Personally I support this PR, but as usual with stdlib changes, let's wait for other developers to chime in.

nojb · 2020-10-11T06:13:13Z

stdlib/listLabels.mli

+     is not satisfied anymore.
+*)
+
+val drop_while : ('a -> bool) -> 'a list -> 'a list


Suggested change

val drop_while : ('a -> bool) -> 'a list -> 'a list

val drop_while : f:('a -> bool) -> 'a list -> 'a list

nojb · 2020-10-11T06:13:26Z

stdlib/listLabels.mli

+    This function is morally equivalent to [(take i l, drop i l)].
+*)
+
+val take_while : ('a -> bool) -> 'a list -> 'a list


Suggested change

val take_while : ('a -> bool) -> 'a list -> 'a list

val take_while : f:('a -> bool) -> 'a list -> 'a list

nojb · 2020-10-11T06:29:24Z

stdlib/list.mli

+    [l1] is the prefix of [l] before the index [i], and
+    [l2] is the suffix of [l] on and after the index [i].
+    This function is morally equivalent to [(take i l, drop i l)].
+*)


"since" annotation missing (here and below and in ListLabels as well).

nojb · 2020-10-11T06:30:50Z

stdlib/list.mli

+(** [split_at i l] returns a pair of lists [(l1, l2)], where
+    [l1] is the prefix of [l] before the index [i], and
+    [l2] is the suffix of [l] on and after the index [i].
+    This function is morally equivalent to [(take i l, drop i l)].


I would prefer a more succint wording: [split_at i l] is [(take i l, drop i l)], but more efficient.

nojb · 2020-10-11T06:34:52Z

stdlib/list.mli

+
+val take_while : ('a -> bool) -> 'a list -> 'a list
+(** [take_while p l] returns the prefix of [l] until the predicate [p]
+     is not satisfied anymore.


I find the english here a bit unclear. Perhaps something along the lines:

[take_while p l] is [(l1, l2)] where [l = l1 @ l2], [p] is [true] for every element of [l1] and is [false] for the first element of [l2] (if [l2] is non-empty).

I think this redrafted explanation does not typecheck: take_while p l is not a pair. For variety, here's the one that I was about to use:

[take_while p l] is the longest (possibly empty) prefix of [l] containing only elements that satisfy [p].
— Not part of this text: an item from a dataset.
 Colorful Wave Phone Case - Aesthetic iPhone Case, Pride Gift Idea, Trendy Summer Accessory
gasche · 2020-10-11T08:37:58Z

Personally I am a bit suspicious of the take and drop versions: they only marginally more efficient than split, and in my experience we need them rarely, except when we use the two of them at once and split would be better. For the _while versions, there is no split variant (so we only have functions that lose information), and I don't remember having used these functions in the past. In Haskell some of those are useful building blocks for parser-combinator libraries operating on [Char], or other such scripting-style transformations on the wrong datastructure to represent Text, but in OCaml how often are we using lists with those functions? (split_at is useful as one way to implement merge sort on lists).

For Seq, note that the split functions force their first component. Maybe we should use prefix_while : ('a -> bool) -> 'a Seq.t -> 'a list * 'a Seq.t? A more general function is prefix_map : ('a -> ('b, 'e) result) -> 'a Seq.t -> 'b list * ('a * 'e * 'a Seq.t) option.
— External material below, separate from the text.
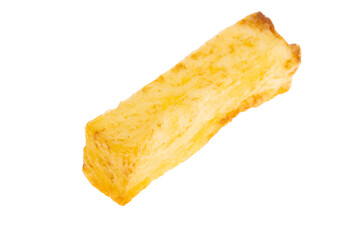 fried potatoes isolated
craigfe · 2020-10-11T09:52:12Z

Going back over my code, here's a suggested use-case for each of take and drop (where split_at would be worse):

take n used for getting a "summary" of a long sequence (e.g. pretty-printing [1; 2; 3; ...], truncating log files, etc.).
drop n for discarding a header of size n from a file. (& drop_while used for trimming leading empty lines)
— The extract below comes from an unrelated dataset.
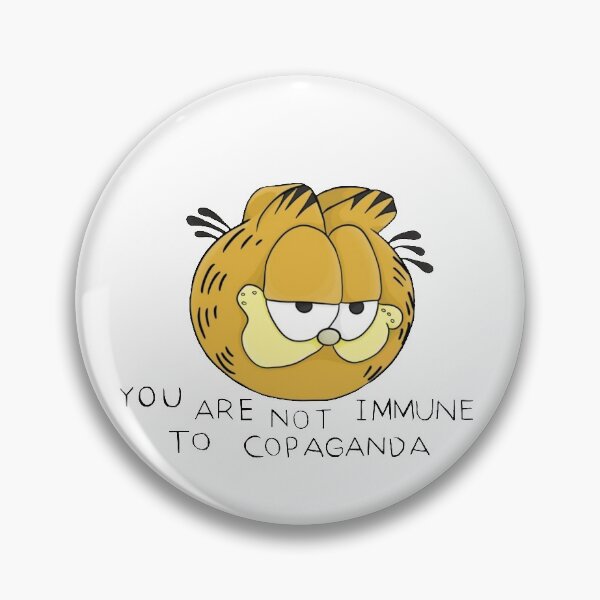 Item preview, Garfield You Are Not Immune To Copaganda designed and sold by Charmingvulpes.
I encourage others to give their own examples.

Aside from the inefficiency, using split_at when only e.g. drop is needed results in code that I find much less readable:

drop n l

(* vs. *)

split_at (n + 1) l |> snd

Regarding Seq.split forcing the first component of its result, I think it's worth keeping this as a sequence so as to enable further transformations to be lazy. I think users can be expected to realise that this sequence is forced (particularly once it is documented), and we don't have any convenient functions for combining lists and sequences (so returning one of each seems likely to require a coercion).

~~If we wanted to efficiently support the case of take-ing a list from a sequence, I'd suggest a fold_until instead (although short-circuiting folds are their own barrel of worms).~~

edit (12-01-2021): After some thought & interactions with language newcomers / students, I've seen the error of my ways and would now advise returning lists wherever a sequence is necessarily forced. The better solution to my original concerns seems to be to offer more coercions between lists and other stdlib types (rather than just via. sequences).

gasche · 2020-10-11T10:06:12Z

take n used for getting a "summary" of a long sequence (e.g. pretty-printing [1; 2; 3; ...], truncating log files, etc.).

But then you may want to know whether you should print the ellipsis or not, by checking whether the "rest" of the list/sequence is empty.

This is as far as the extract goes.